Ilocano: Peace, Serenity
Icelandic, Old Norse: Numbers
A simple, embeddable time series database.
It uses https://github.com/fjall-rs/fjall as its underlying storage engine, allowing around ~1M data points per second to be ingested.
With the storage engine being LSM-based, there's no degradation in write ingestion speed (even for datasets much larger than RAM), low write amplification (good for SSDs) and on-disk data is compressed (again, good for SSDs).
The tagging and querying mechanism is modelled after Datadog's metrics service (https://www.datadoghq.com/blog/engineering/timeseries-indexing-at-scale/).

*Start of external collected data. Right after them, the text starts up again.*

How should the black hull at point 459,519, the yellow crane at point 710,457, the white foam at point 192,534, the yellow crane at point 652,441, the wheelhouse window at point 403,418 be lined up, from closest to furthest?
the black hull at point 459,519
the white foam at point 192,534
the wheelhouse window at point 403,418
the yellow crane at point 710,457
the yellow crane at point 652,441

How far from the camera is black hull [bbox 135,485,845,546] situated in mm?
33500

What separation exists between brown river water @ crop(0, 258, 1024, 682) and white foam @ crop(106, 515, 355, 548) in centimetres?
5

A (time) series is a list of data points.
Each data point has
- a nanosecond timestamp, which is also its primary key (big-endian stored negated, because we want to scan from newest to oldest, and forwards scans are faster)
- the actual value (float)
- a tagset (list of key-value pairs, e.g. “service=db; env=prod”)
- a metric name (e.g. “cpu.total”)
A Database
is contained in a single Fjall Keyspace
and consists of a couple of partitions (prefixed by _talna#
). This way it can be integrated in an existing application using Fjall.
Every permutation of { metric, tagsets } is assigned a SeriesKey
. This maps to a Series ID.
Each series’ tagset is stored in the Tagsets
partition, used for aggregation.
Lastly, each metric and tag is indexed in an inverted index (TagIndex
). Queries perform lookups to that index to get a list of series IDs that match a query. This way any query AST can be modelled by simply union-ing or intersecting postings lists of that inverted index.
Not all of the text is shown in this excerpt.